Quite a lot needs to change about the current title filters (these go back years, and it turns out I merged one of the PRs that added much of it). I'm kind of surprised they haven't caused more issues before now.

See my questions and comments in the code below, see if you can respond to them:

    title:
      selector: name
      filters:

# do these really need to be removed?
#        - name: re_replace
#          args: ["[\\[\\]]", ""]
#        - name: re-replace
#          args: ["(?i)\\bHD-?Olimpo\\b", ""]

# needs to be more specific and to use boundaries, currently:
# a full house > a BRDISK house
# fully loaded > BRDISKy loaded
#        - name: re_replace
#          args: ["(?i)(full(bluray)?)", "BRDISK"]

        - name: re_replace
          args: ["\\bE-AC-3\\b", "EAC3"]
        - name: re_replace
          args: ["(?i)\\b(es-en|en-es)\\b", "MULTi SPANiSH ENGLiSH"]
        - name: re_replace
          args: ["(?i)\\bes-cat?\\b", "MULTi SPANiSH CATALAN"]
        - name: re_replace
          args: ["(?i)\\bes-(ja|ja?p)\\b", "MULTi SPANiSH JAPANESE"]

# what is the third language? if it can vary,
# then are the other two always English and Spanish?
#        - name: re_replace
#          args: ["(?i)\\btriaudio\\b", "MULTi SPANiSH ENGLiSH"]

# not specific enough, not sure it can be made more specific
#        - name: re_replace
#          args: ["(?i)\\bdual\\b", "MULTi SPANiSH"]
#        - name: re_replace
#          args: ["(?i)\\bspa\\b", "SPANiSH"]

# not specific enough, especially for a Spanish tracker,
# not sure it can be made more specific
#        - name: re_replace
#          args: [" ES ", " SPANiSH "]
#        - name: re_replace
#          args: ["(?i)\\bvas\\b", "BASQUE"]

        - name: re_replace
          args: ["(?i)\\b(espa[ñn]ol|castellano|esp)\\b", "SPANiSH"]
        - name: re_replace
          args: ["(?i)\\b(ingl[ée]s|[ei]ng)\\b", "ENGLiSH"]
        - name: re_replace
          args: ["(?i)\\bcat\\b", "CATALAN"]
        - name: re_replace
          args: ["(?i)\\bfr[ae]\\b", "FRENCH"]
        - name: re_replace
          args: ["(?i)\\b(jap|jp)\\b", "JAPANESE"]
        - name: re_replace
          args: ["(?i)\\bita\\b", "ITALiAN"]
        - name: re_replace
          args: ["(?i)\\brus\\b", "RUSSiAN"]
        - name: re_replace
          args: ["(?i)\\bger\\b", "GERMAN"]
        - name: re_replace
          args: ["(\\s|\\.)+", "$1"]
        - name: re_replace
          args: ["^\\.", ""]

I used to have an account, but it was banned for inactivity (that's the problem with having accounts for a few hundred trackers).
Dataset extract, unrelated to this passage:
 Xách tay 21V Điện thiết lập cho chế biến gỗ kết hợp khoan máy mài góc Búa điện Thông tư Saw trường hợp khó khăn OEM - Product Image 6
If you want me to take a closer look at this, you could open a support ticket with the tracker staff and ask them to reinstate the account nahik99374 and email address jacketttest [AT] gmail [DOT] com, then link to this issue 👋

from jackett.

goioCodes avatar goioCodes commented on May 27, 2024

From the changes in the code, I guess it's not possible to simply use [" ES[- ]", " SPANiSH "]. In that case, I will try to respond to your comments considering that.

# do these really need to be removed?
#        - name: re_replace
#          args: ["[\\[\\]]", ""]
#        - name: re-replace
#          args: ["(?i)\\bHD-?Olimpo\\b", ""]

I don't see how removing any of these will affect anything. So I would say it's not necessary. As it is written here though, removing the square brackets without replacing with a space will cause some words to fuse, such as the [PACK][NF ... specifications. Double spaces would then need to be removed.
Moreover, most of the releases do not include HD-Olimpo at the end but simply HDO.

# needs to be more specific and to use boundaries, currently:
# a full house > a BRDISK house
# fully loaded > BRDISKy loaded
#        - name: re_replace
#          args: ["(?i)(full(bluray)?)", "BRDISK"]

I don't understand the comments, I can only say that the FullBluRay specification is used when the file is a .iso image. If there is any further differentiation to be made I am not aware of it.
On a separate note, while this pattern works in that it will catch all .iso files, it will leave leftover bits for some of the specifications used. Here I'll write all the ways a .iso file is annotated, which maybe can be included in the regex:
FullBluRay
Full Blu-Ray
Full UHD
UHD FullBluRay

# what is the third language? if it can vary,
# then are the other two always English and Spanish?
#        - name: re_replace
#          args: ["(?i)\\btriaudio\\b", "MULTi SPANiSH ENGLiSH"]

The rules of the tracker indicate that every release must have at least the spanish and the original language audio track. This means that for movies whose original language is english, the third track is always catalan (couldn't find a counterexample). For anime and other foreign movies, it can vary (although most likely catalan, sometimes english). Unless there is some way of obtaining the original language of the release, I would not asume english or any other language aside from spanish is present. For example, most anime will have spanish, catalan and japanese and still can be marked as triaudio.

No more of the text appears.